IL ROSSO E IL NERO
anno 2, numero 4, febbraio 1993
poesia e critica, pp. 87-88
nota di poetica
Un poeta catanese: contraddizioni barocche
Ricordo di scrivere da sempre. Scrivevo per graffiare il nero della paura, del silenzio. Ho attraversato la mia infanzia prigioniero in una torre di cemento armato, un ottavo piano senza aria e senza luce. Lassù i suoni della strada giungevano distorti, incomprensibili.
Giocavo da solo (il mio unico fratello nacque che avevo quasi nove anni). Dunque potevo leggere e potevo scrivere, immedesimandomi in vicende felici e avventurose, o creandomele.
Scrivevo poesie, brevi storie, disegnavo molto.
Tale condizione di chiusura era del tutto antitetica alla vitalità di Catania, la mia città “teatrale” (giusta la declinazione di Leonardo Sciascia), ingorda, brancatiana, e un po’ fatua, in cui i pavoni facevano la ruota nei viali del Giardino Bellini, e Ciccio Pernacchia commentava sonoramente i comizi dei politici. Era la Catania delle arene cinematografiche estive (qualcuna malandata esiste anche oggi, sopravvissuta a se stessa), degli innocui scippi nella zona della Pescheria o di Piazza Stesicoro, della certezza che la mafia non vi avrebbe messo piede. Crescendo e prendendo inevitabilmente conoscenza degli odori e delle voci di strade e piazze su cui s’affacciano sgomente facciate barocche, chiese e palazzi di nera pietra lavica, compresi quali suggestioni poteva e può ancora esprimere questa città insieme aristocratica e folle.

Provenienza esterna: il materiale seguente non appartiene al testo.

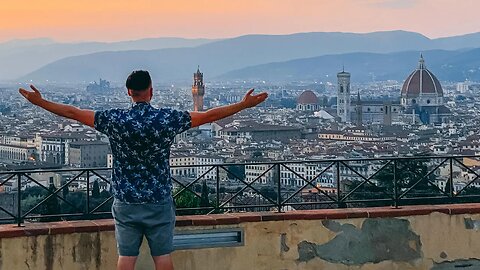 Best Views of Florence from Piazzale Michelangelo 🇮🇹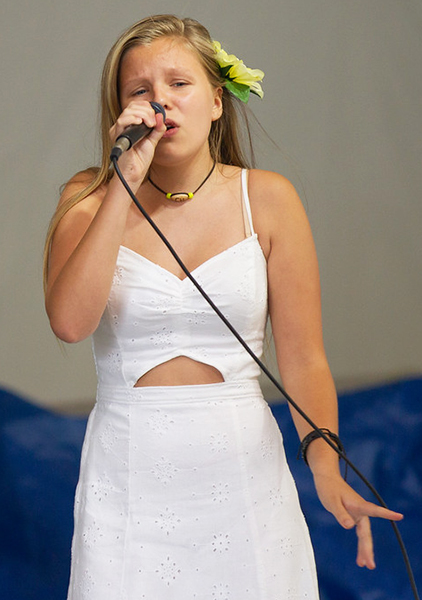 A girl singing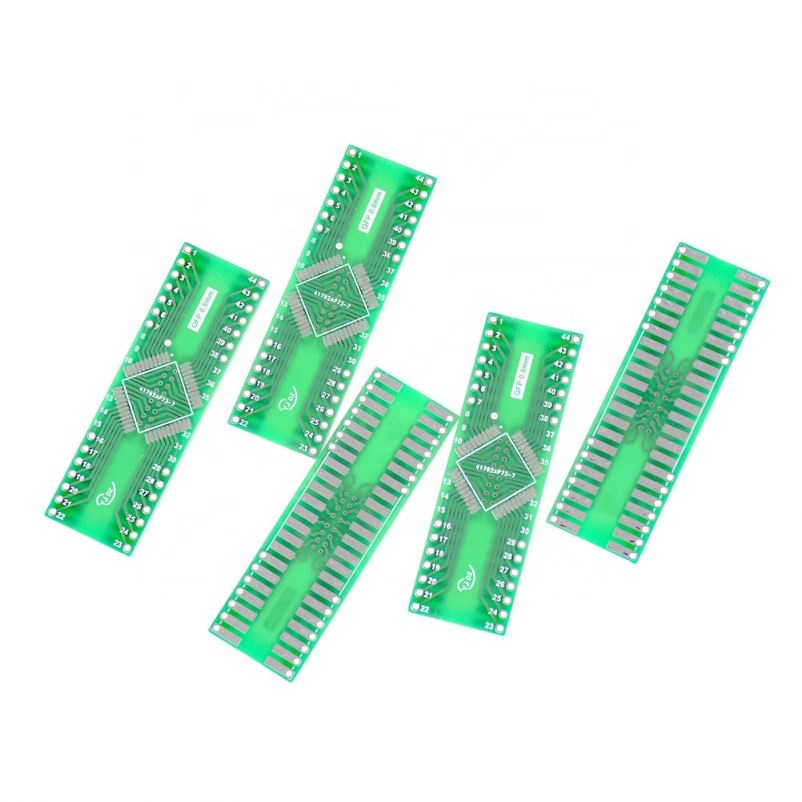 QFP 44 Pin Pitch 0.8 mm to DIP 44 2.54 mm Adapter PCB Board Converter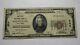$20 1929 Ballston Spa New York Ny National Currency Bank Note Bill! Ch #954 Fine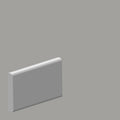 Tone Collection Matte 2 In x 6 In Solid Color Ceramic Bullnose Wall Tile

Mi raggiunsero quindi gli anni dei codici e delle affollate lezioni universitarie. La letteratura rimaneva però il mio angolo più riparato, con letture da Rilke a Sylvia Plath, ai lirici greci che andavo traducendo.
È di questo periodo (1981-84) la mia prima raccolta di poesie, quelle Letture senza spartito che sarebbero state pubblicate nel 1987. Poi un altro libro di poesia, La correzione del saggio, nel 1990, il racconto dell’uscita da una labirintica adolescenza, e poi ancora il filo sottile che mi ha condotto a questa pagina.